About 158 million mobile broadband customers in Latin America have already been hooked up to high-speed HSPA networks and that number is likely to grow to 584 million by 2018, according to a new report from 4G Americas. LTE has been deployed on 25 networks in 12 countries in the region, the report says.
The wireless industry lobby group, which had recently expressed displeasure at the delay in allocation of radio spectrum for new LTE networks, said the advanced mobile broadband technologies were improving the education, healthcare and entertainment segments across the region.
Today there are about 99 commercial HSPA networks offering Internet connectivity in 43 countries, of which 69 networks have already been upgraded to HSPA. In remote parts of Latin America, where no wired infrastructure is present, wireless technologies are the only viable alternative to offer broadband services.
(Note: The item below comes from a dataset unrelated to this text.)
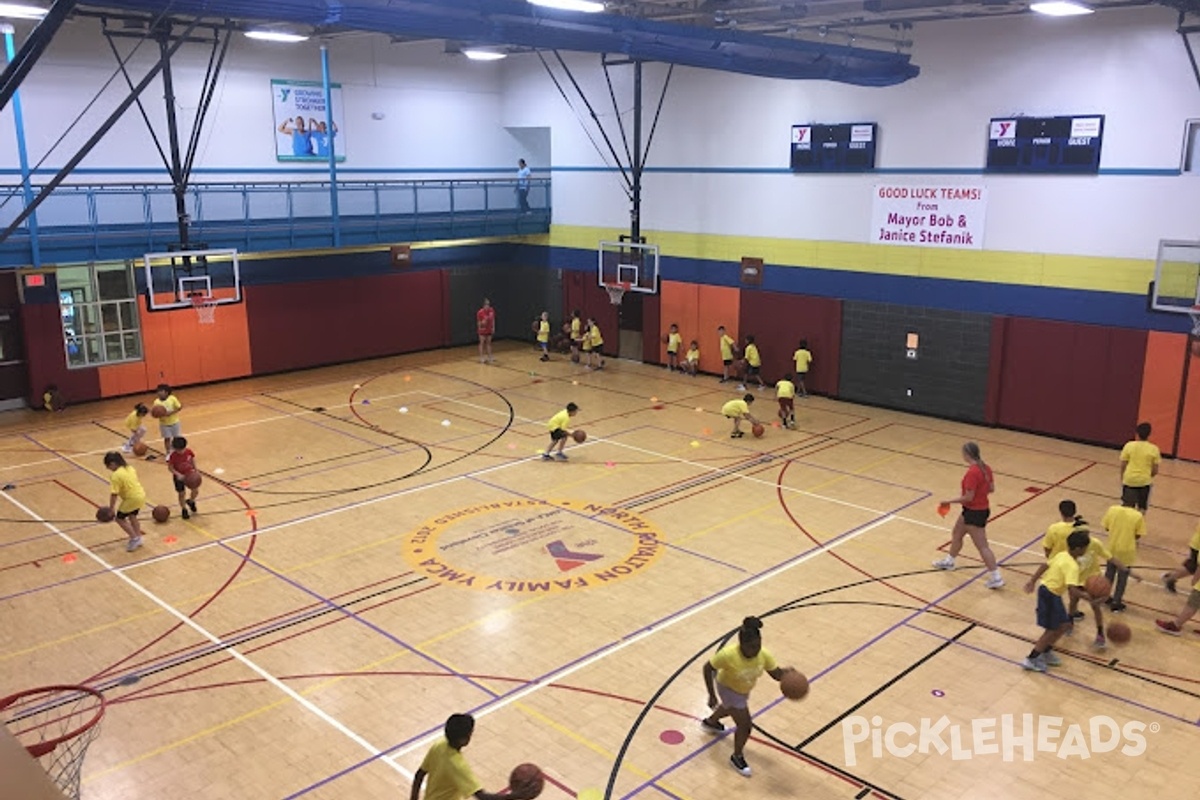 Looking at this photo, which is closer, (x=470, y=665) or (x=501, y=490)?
(x=470, y=665)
“It is important to recognize the distinct characteristics that make mobile networks unique and the many challenges faced by digital inclusion in the region to allow for internet connectivity,” stated Erasmo Rojas, 4G Americas’ Director of Latin America and the Caribbean.
The lobby group has urged the regulatory authorities to speed up allocation of spectrum and make sure that operators have the right coverage capacity to keep pace with the growing demand for mobile internet.
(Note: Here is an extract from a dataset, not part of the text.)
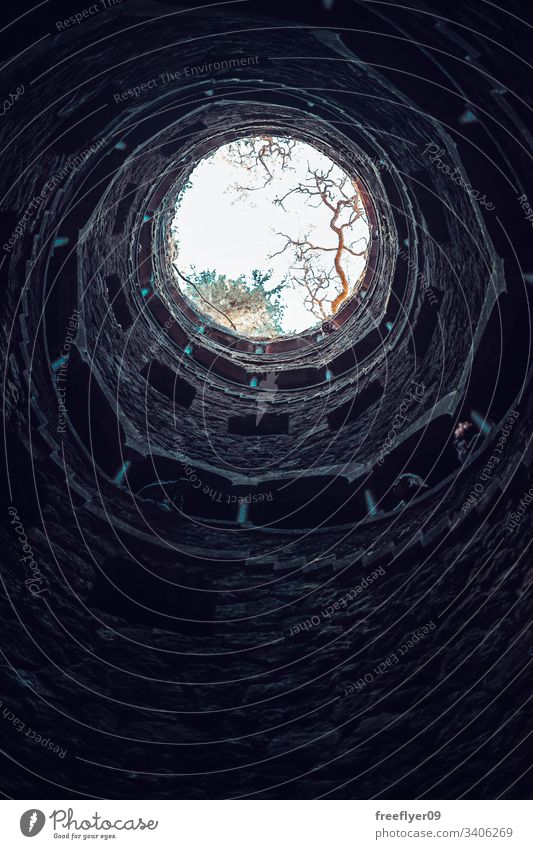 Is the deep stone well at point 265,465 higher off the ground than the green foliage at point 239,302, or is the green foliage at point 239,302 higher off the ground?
the green foliage at point 239,302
“Policy makers need to understand that mobile broadband has different technical elements. By developing appropriate regulatory and governmental policies, specifically in the Latin America region, massive access to internet and content will be enhanced even further, thus reducing the digital divide,” the report noted.
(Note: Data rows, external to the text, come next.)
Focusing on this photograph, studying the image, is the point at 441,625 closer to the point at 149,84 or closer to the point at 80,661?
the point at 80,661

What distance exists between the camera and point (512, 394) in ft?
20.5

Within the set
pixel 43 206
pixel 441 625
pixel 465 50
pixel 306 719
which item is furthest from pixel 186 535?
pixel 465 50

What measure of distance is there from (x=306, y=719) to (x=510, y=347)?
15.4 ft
In a previous statement, the 4G Americas had stated that carriers in 19 countries were running low on airwaves, as the governments had been able to allocate just 20% of the spectrum required to cope with the surge in mobile network traffic.
Delivery of Internet access is only possible through the interconnection of countless networks, stated the lobby group, arguing that governments should not blame the operators for poor quality service.
“Imposing QoS on network operators could result in a net damage to customers, as it would reduce the potential for technology innovation and would harm competition,” Rojas added.